Più che i cliché, ad abbondare sono i temi ricorrenti che hanno fatto di Hitch il director stimato in tutto il mondo, padrone di una fine tecnica di fare cinema sempre aderente al genere prediletto, il thriller, percorso da venature spionistiche aventi la funzione di disincantare uomini comuni, non preparati ad affrontare situazioni più grandi di loro.
Questo leit motif lega precedenti pellicole come Il club dei trentanove, Sabotatori, Frenzy e l’indimenticabile Intrigo internazionale.
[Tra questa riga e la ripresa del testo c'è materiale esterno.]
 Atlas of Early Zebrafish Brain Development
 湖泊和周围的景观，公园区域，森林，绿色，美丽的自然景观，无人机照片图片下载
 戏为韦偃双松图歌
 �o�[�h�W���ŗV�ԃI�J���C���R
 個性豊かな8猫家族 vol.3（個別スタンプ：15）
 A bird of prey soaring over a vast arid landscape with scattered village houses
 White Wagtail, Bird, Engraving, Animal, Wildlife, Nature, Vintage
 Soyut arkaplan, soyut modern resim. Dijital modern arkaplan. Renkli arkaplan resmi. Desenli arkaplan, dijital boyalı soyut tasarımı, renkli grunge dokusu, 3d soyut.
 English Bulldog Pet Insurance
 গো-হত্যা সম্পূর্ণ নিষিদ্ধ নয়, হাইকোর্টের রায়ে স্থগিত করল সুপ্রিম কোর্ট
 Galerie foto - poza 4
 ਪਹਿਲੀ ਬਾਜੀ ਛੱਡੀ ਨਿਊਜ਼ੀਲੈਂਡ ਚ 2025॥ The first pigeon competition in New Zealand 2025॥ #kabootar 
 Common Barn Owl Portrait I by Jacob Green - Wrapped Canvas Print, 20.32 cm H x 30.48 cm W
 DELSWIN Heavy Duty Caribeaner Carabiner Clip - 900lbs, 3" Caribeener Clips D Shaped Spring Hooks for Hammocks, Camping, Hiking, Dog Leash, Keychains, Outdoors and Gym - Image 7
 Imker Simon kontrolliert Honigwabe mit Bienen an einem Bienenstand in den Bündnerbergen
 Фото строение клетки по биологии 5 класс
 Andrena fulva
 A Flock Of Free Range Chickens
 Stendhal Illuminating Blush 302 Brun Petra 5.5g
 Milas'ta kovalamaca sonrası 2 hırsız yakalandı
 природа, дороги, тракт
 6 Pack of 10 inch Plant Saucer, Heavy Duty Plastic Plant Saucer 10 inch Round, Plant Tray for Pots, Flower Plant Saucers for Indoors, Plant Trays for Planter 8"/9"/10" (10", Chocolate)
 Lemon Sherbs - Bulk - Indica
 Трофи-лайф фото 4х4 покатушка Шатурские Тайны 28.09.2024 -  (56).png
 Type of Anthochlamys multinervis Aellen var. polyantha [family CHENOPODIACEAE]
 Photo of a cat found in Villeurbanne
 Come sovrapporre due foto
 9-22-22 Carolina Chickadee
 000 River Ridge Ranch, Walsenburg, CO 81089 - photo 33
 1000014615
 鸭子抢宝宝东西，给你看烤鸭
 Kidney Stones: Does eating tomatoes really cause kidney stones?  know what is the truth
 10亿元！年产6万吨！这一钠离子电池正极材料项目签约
Insomma, Hitchcock insegue la perfezione sostituendosi a se stesso 22 anni dopo, rimescolando le carte senza mai uscire dal seminato della matrice letteraria, scritta a quattro mani da Charles Bennett e D.B. Wyndham-Lewis.
A un racconto lineare si accompagnano situazioni che mettono in luce la straordinaria abilità del cineasta nell’”inquadrare” il rapporto fra spazio e tempo, stabilendo un paradigma in cui gli acuti imperversano all’improvviso sebbene preventivamente costruiti.
E’ il motivo per il quale si rende possibile una scena, quella del concerto alla Royal Albert Hall, priva di dialoghi ma costellata di musica (quella di Bernard Herrmann, chiamato a interpretare il direttore d’orchestra oltre a essere l’effettivo compositore della colonna sonora), suoni, estemporanei silenzi e un grido che si carica di significato.
L’estetica filmica pretende ora il Technicolor a scapito di un bianco e nero utilizzato nel 1934, sicché si ottiene una diversa percezione dei personaggi e del dramma in atto, meno tragico e più dinamico. Doris Day partecipa attivamente alle azioni del protagonista, diventando determinante sia in occasione del tripudio concertistico, sia nello spettacolino improvvisato nella sede dell’ambasciata.
Fra tutto, infatti, resta scolpito il delizioso canto dell’attrice sulle note della canzone Que sera, sera, elemento chiave per la risoluzione narrativa.
Curiosità
Hitchcock fa una sua breve apparizione fra le persone che assistono allo spettacolo nel mercato di Marrakech.